После этого, по одной из версий, депутаты струсили и послушно разошлись. По другой Чернов все-таки довел заседание до конца и объявил перерыв до утра. Но утром, когда члены собрания подошли к дворцу, двери были заперты, а возле них дежурили матросы с пулеметами и двумя пушками. В тот же день газеты объявили депутатов "врагами трудового народа", а ночью начались аресты.
"Сумерками свободы" назвал разгон собрания Осип Мандельштам.
Ленин, узнав от Дыбенко, как один матрос распустил "Учредилку", смеялся до слез. Николай Бухарин вспоминал: "Мы не сразу поняли, что это истерика. В ту ночь мы боялись, что потеряем его". Смеялся и сам Железняков, когда через несколько дней рассказывал о своем подвиге на Третьем съезде Советов: "Мы вошли в зал и потребовали разойтись, ибо мы устали. И эти трусы разбежались! Но если бы потребовалось применить против врагов революции оружие, у нас не дрогнула бы рука. Чтобы защитить власть Советов, мы готовы на все!"
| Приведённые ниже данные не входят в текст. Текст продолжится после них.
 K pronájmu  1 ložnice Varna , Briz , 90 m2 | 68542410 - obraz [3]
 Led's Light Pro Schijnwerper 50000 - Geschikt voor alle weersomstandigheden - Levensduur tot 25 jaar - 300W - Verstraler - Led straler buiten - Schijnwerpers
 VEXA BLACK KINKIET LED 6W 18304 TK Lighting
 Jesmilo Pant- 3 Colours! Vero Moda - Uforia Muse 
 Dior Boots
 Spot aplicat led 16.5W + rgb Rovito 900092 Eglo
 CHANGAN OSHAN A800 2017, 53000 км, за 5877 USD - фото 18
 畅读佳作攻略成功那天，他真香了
Демонстрация в поддержу Учредительного собрания 5 января 1918 года. Петроград.
"Но кто же я?"
Готовым на все "Железняк" ощущал себя с детства, когда брат читал ему книги о смелых путешественниках, покорителях моря и суши. Анатолий родился в апреле 1895 года в подмосковном селе Федоскино, ныне поглощенном городом Долгопрудным. Его отец, отставной гренадер, работал в помещичьем имении, а потом перебрался с растущей семьей в Москву. Вскоре он умер, оставив жену и четырех детей без средств. Старший сын Николай, заразивший брата любовью к морю и приключениям, нанялся в матросы, дочь Александра стала домашней учительницей. Анатолия мать устроила за казенный счет в Военно-фельдшерское училище, но он быстро устал от муштры и больничной практики. А незадолго до выпуска не явился на построение в честь дня рождения императрицы Марии Федоровны, нахально заявив, что у него тоже день рождения, и он имеет право отдохнуть.
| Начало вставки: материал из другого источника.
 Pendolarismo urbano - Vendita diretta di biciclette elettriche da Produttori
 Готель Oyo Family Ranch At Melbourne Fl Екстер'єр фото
Фрондера не только выгнали, но и поставили на полицейский учет за склонность к "неблагопристойным разговорам".
Вернувшись домой, Анатолий устроился в аптеку при ткацкой фабрике Арсения Морозова. Уже через неделю хозяин-старообрядец застал его с папироской, сделал замечание и был послан подальше. Разумеется, грубиян был уволен и здесь, после чего подался в Одессу к брату. Работал грузчиком в порту, кочегаром на торговом судне, но тяжелую физическую работу при первой возможности променял на должность слесаря на снарядном заводе в Москве.
В Первую мировую Железняков был мобилизован, отправлен учиться на механика, но за какие-то проступки снова разжалован в кочегары. Впрочем, на учебном корабле "Океан" смутьян тоже удержался недолго - отчитал офицера, ударившего матроса. Под угрозой трибунала летом 1916 года сбежал с корабля в родное Подмосковье, где выправил документы на фамилию "Викторский" в честь любимого младшего брата Виктора (тот тоже станет моряком и погибнет, спасая упавшего за борт товарища).
Уже тогда у Анатолия были друзья среди революционеров, которые помогли ему перебраться в Новороссийск и вновь устроиться кочегаром. Своему дневнику он доверял тревожные мысли: "Новый 1917 год! Что ты даришь мне из трех вещей, которые лежат на пути моём? Смерть, свободу или заключение? Я не боюсь и смело гляжу вперед, ибо верю, что выиграю". Он уже собирался уехать в Америку - "страну великих возможностей", - когда узнал о случившейся в Петрограде революции.
18 марта Железняков впервые выступил на митинге моряков-черноморцев и вечером записал: "Выхожу, говорю и начинаю жить той жизнью, о которой мечтал, жизнью общественного деятеля. Писать лень, дел бездна... Но кто же я?"
На этом дневник обрывается - отныне у Железнякова не будет на него времени.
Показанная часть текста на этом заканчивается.